Poche cose come la nebbia gelida mette voglia di uscire, un po’ perché sa di avventura e mistero, un po’ perché poi, quando c’hai il gelo nelle ossa, entrare in un locale è una goduria totale. Magari è solo una cosa da nordico, vai a sapere. Ma anche se si sceglie di restare a casa sotto strati di coperte a guardare il fuoco – chi ce l’ha, almeno – l’idea di bere mojito o un Planter’s punch non è il massimo.
Nella mia ricerca dei cocktail classici mi sono imbattuto nel Tom&Jerry, che però nei locali non ti prepareranno mai, che sia uno speakeasy fantascientifico o la hall dell’albergo più vintage. Che fare? Un saggio disse che la tradizione è la soluzione a problemi dimenticati; come la togli, rispuntano fuori. Quindi sono andato a leggere il buon Hugo R. Hesslin, barman del 1917.
Tutti quei tizi in frac dovevano pur ubriacarsi, d’inverno, e avevano lo stesso problema mio. Incrociandolo con il mai abbastanza venerato Elvezio Grassi, 1936 (ammirevoli i complimenti di Puccini, D’Annunzio, e il Ten. Col. Negroni) salta fuori una chicca chiamata Alexander.
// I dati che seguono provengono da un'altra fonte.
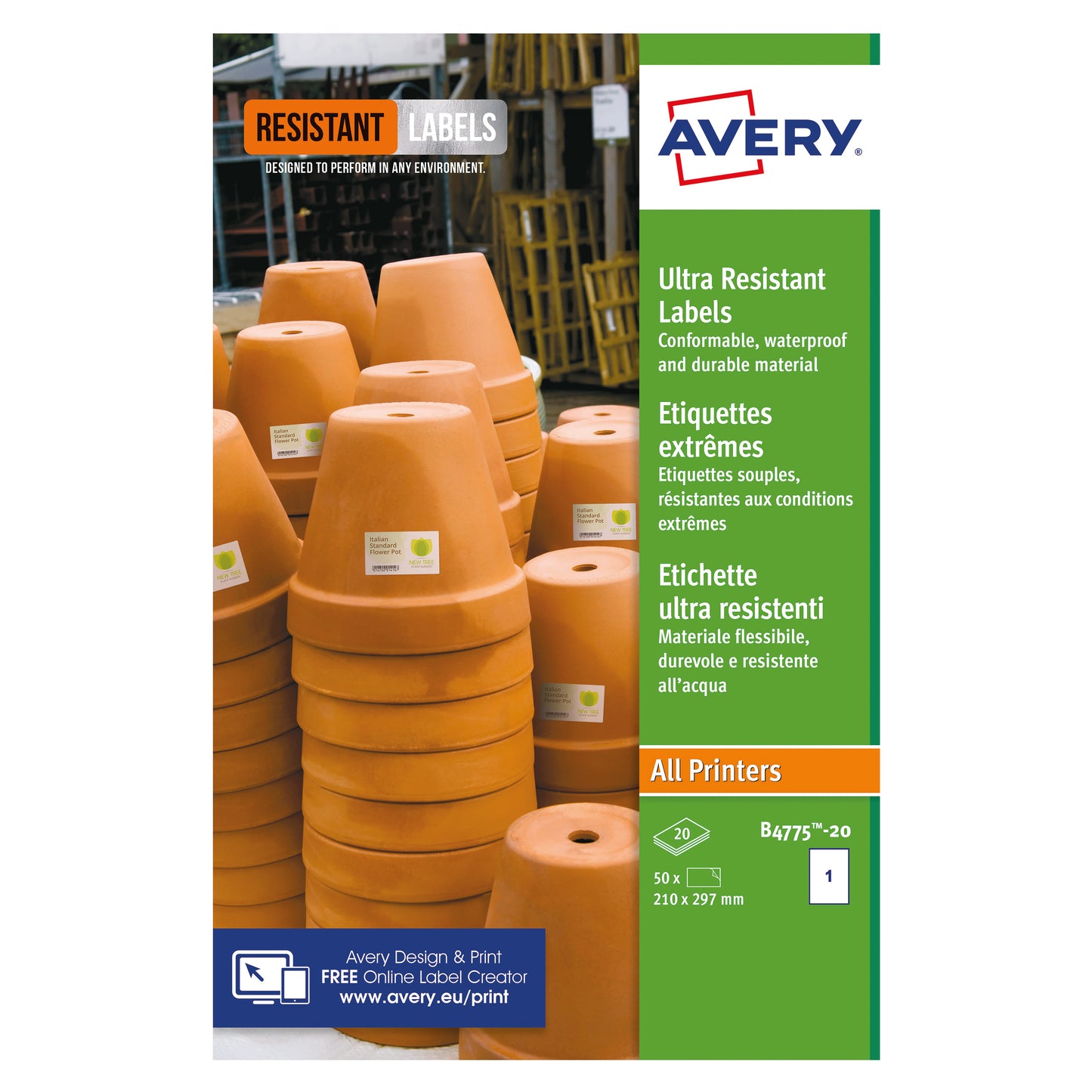 Avery Ultra Resistant Labels 210x297mm (Pack of 20) B4775-20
È semplice, come tutti i grandi cocktail.
La ricetta originale prevede gin, liquore di cacao e panna in parti uguali, con la fondamentale spolverata di noce moscata sopra. Vent’anni e una guerra mondiale dopo, Elvezio decide di ridurre la panna per renderlo meno pesante; il risultato è un cocktail che se fossi ancora a Mestre definirei il dessert degli alcolizzati, ma in realtà ha il rarissimo dono di soddisfarti senza distruggere la lucidità o la linea, se sei uno che ci bada.
Il carattere del cognac si mescola al cioccolato e l’alcool pizzica appena, stemperato dalla panna. Dopo cena ne bevi uno e sei ben predisposto ad andare a letto, dunque – a mia esperienza – è anche una grande idea da presentare alla ventenne inesperta mentre annaspa guardando un menu di porcate imbevibili.
La panna richiama il White russian, sì.
Ma l’Alexander è onesto; ti dice con precisione cosa bevi e quanto alcool stai buttando dentro, mentre se al mondo esiste un cocktail traditore, è proprio il White russian. Non fidatevi MAI di lui. La panna e lo zucchero del Kahlua mascherano l’ettolitro di vodka e ritardano l’effetto dell’alcool, così all’improvviso a metà serata non sei più in grado di far funzionare le gambe e, quel che è peggio, l’attrezzo che ci sta in mezzo.
Viceversa, l’Alexander oltre a essere equilibrato soddisfa sia la voglia di dolce che quella di alcool, che male non fa. Siccome sta per arrivare dicembre, questo è l’ultimo cocktail che ancora osa il ghiaccio. Da qui in poi entriamo in un mondo nuovo e coccoloso.